Lucky for you, Sam took pictures from the train!
Oh Italy...
Finally we arrived in Lucca around 1:30. We debated whether or not to get right back on the train and go home, but the fresh, crisp air (read: bitterly cold wind) was a little empowering.  Eventually we decided we'd at least walk around the town a bit and explore the old fortified walls.

On our way from the station into the town, we saw a poster advertising an "Instruments of Torture" museum.  We simultaneously "oohed" and decided to hunt it down.
Lucca's walls and a couple of its hooligans
First, though, we climbed up onto the old walls and walked for a bit.  I'm glad we decided not to rent bikes.  Aside from my intense periodic discomfort, it was very cold and windy up there.  After probably not long enough, we descended into the town to search for the museum and, hopefully, a bathroom.  

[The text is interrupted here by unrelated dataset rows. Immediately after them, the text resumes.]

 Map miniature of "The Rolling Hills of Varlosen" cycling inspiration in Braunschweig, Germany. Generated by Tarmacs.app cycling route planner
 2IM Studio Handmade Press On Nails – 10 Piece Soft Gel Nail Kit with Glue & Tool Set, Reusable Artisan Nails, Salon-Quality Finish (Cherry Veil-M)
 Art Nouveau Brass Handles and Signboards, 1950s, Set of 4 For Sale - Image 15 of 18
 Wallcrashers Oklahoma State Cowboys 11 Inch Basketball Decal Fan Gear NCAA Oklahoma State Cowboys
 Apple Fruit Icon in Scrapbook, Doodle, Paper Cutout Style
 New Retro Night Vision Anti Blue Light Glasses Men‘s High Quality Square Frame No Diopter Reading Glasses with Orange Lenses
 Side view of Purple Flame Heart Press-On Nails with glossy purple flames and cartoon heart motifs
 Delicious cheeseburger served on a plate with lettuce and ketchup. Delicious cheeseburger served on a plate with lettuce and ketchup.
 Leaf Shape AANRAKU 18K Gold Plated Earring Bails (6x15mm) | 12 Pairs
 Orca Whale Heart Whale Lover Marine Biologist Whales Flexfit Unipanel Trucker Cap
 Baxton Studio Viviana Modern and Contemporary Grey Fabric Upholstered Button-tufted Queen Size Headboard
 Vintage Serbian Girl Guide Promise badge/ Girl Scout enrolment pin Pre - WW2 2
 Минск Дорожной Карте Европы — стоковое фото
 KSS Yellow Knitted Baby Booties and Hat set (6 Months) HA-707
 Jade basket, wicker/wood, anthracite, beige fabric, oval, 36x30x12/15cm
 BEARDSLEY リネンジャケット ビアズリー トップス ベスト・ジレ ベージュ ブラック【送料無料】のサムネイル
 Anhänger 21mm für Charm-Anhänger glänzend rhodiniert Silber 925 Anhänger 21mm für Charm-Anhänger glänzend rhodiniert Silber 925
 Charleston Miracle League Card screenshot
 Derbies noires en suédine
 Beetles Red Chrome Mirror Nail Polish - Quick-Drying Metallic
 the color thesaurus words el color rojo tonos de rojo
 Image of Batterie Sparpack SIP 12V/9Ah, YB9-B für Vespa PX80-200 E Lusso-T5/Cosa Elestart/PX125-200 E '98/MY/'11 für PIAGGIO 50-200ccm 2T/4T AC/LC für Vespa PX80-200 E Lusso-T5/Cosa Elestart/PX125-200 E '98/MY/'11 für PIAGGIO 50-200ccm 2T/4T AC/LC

He has endless amounts of these faces
After a moany groany uncomfortable journey through the streets of Lucca, we came to the torture museum.  We were both very excited, but I knew I wouldn't be able to enjoy it unless we found a restroom first, which museum had none.  We checked at a bar across the street, and luckily they had one for customers, so Sam got himself something.

We then popped back over, bought student-priced tickets from the cheerful woman at the desk (the first time we've counted as students this whole trip without being members of the EU).  The museum was odd in that it consisted of two floors, with two small rooms on each floor.  We went into the "dungeons" first.

Sam read to me about the Bishop's Kite while I sat on the floor fighting another vicious wave of nausea.  Then I stood up and read about this triangular bondage-type thing that kept you in the fetal position on your back, causing discomfort very similar to what I was experiencing.  VOODOO???

Anyway, the instruments were very interesting, and even though I recognized a few (the rack, the Iron Maiden, guillotine, and the Pear from that episode of Bones), many were new.  But when I the room started swimming and I realized I was about to pass out and/or barf, and I didn't fancy falling onto the spikes of the Rack, Sam and I decided it was probably time to go.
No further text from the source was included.